Also, and as noted by the Idris Court, no one has a fundamental right to run a red light or avoid being seen by a camera on a public street, and the fine at stake in that case [$90] was too modest to qualify as a protected and fundamental property right. See Idris, 552 F.3d at 566. See also Fischetti v. Vil. of Schaumburg, 2012 IL App (1st) 111008, 359 Ill.Dec. 920, 967 N.E.2d 950, 959–960 (Ill.App.Ct.2012). In fact, the Idris Court characterized the substantive due process attack on the vicarious liability of the red light program as a “dud.” See Idris, 552 F.3d at 566. Such a characterization was proper considering long-standing United States Supreme Court rulings. As to vicarious liability in the due process scenario, the Supreme Court has articulated:

The extension of the doctrine of liability without fault to new situations to attain a permissible legislative object is not so novel in the law or so shocking to reason or to conscience' as to afford in itself any ground for the contention that it denies due process of law.
Louis Pizitz Dry Goods Co. v. Yeldell, 274 U.S. 112, 115, 47 S.Ct. 509, 71 L.Ed. 952 (1927). See also Van Oster v. State of Kansas, 272 U.S. 465, 467, 47 S.Ct. 133, 71 L.Ed. 354 (1926) (“It is not unknown, or indeed uncommon, for the law to visit upon the owner of property the unpleasant consequences of the unauthorized action of one to whom he has intrusted it.”). Therefore, the owner of a vehicle should exercise care before entrusting his/her vehicle to someone who could use that vehicle in a negligent or reckless manner.

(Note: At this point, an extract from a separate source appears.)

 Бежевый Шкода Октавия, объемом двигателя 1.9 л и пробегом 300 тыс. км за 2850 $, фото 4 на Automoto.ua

This Court finds that Plaintiff's objection to the vicarious liability and presumption argument falters because such a legal doctrine is already permissible law. In particular, the V & TL contains a vicarious liability provision imposed upon owners in Section 388(1).

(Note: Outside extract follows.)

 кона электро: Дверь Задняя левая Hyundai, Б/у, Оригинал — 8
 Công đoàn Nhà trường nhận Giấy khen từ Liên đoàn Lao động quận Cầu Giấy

Relying upon the above Supreme Court precedent, and similar permissible presumptions already contained in the V & TL, the red light camera program's placement of ultimate responsibility on the automobile's owner is entirely permissible. See e.g. Agomo v. Fenty, 916 A.2d 181, 193 (D.C.Ct.Apps. 2007) (automated traffic enforcement system's vicarious liability provision did not violate due process).

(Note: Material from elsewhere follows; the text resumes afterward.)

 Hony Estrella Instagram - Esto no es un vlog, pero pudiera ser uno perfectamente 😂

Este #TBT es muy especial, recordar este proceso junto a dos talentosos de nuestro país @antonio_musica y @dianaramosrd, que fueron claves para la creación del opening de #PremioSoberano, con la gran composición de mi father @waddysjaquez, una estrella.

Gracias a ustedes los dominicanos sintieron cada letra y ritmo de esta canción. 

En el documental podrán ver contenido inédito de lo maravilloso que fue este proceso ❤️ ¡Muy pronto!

.V & TL § 388(1) states that “[e]very owner of a vehicle used or operated in this State shall be liable and responsible for death or injuries to person or property resulting from negligence in the use or operation of such vehicle ... by any person using or operating the same with permission, express or implied.” (emphasis added).

In addition to the V & TL, and even though the red light program is civil in nature, various presumptions are even permissible in the criminal context which requires much more stringent due process protections. SeePenal Law § 265.15.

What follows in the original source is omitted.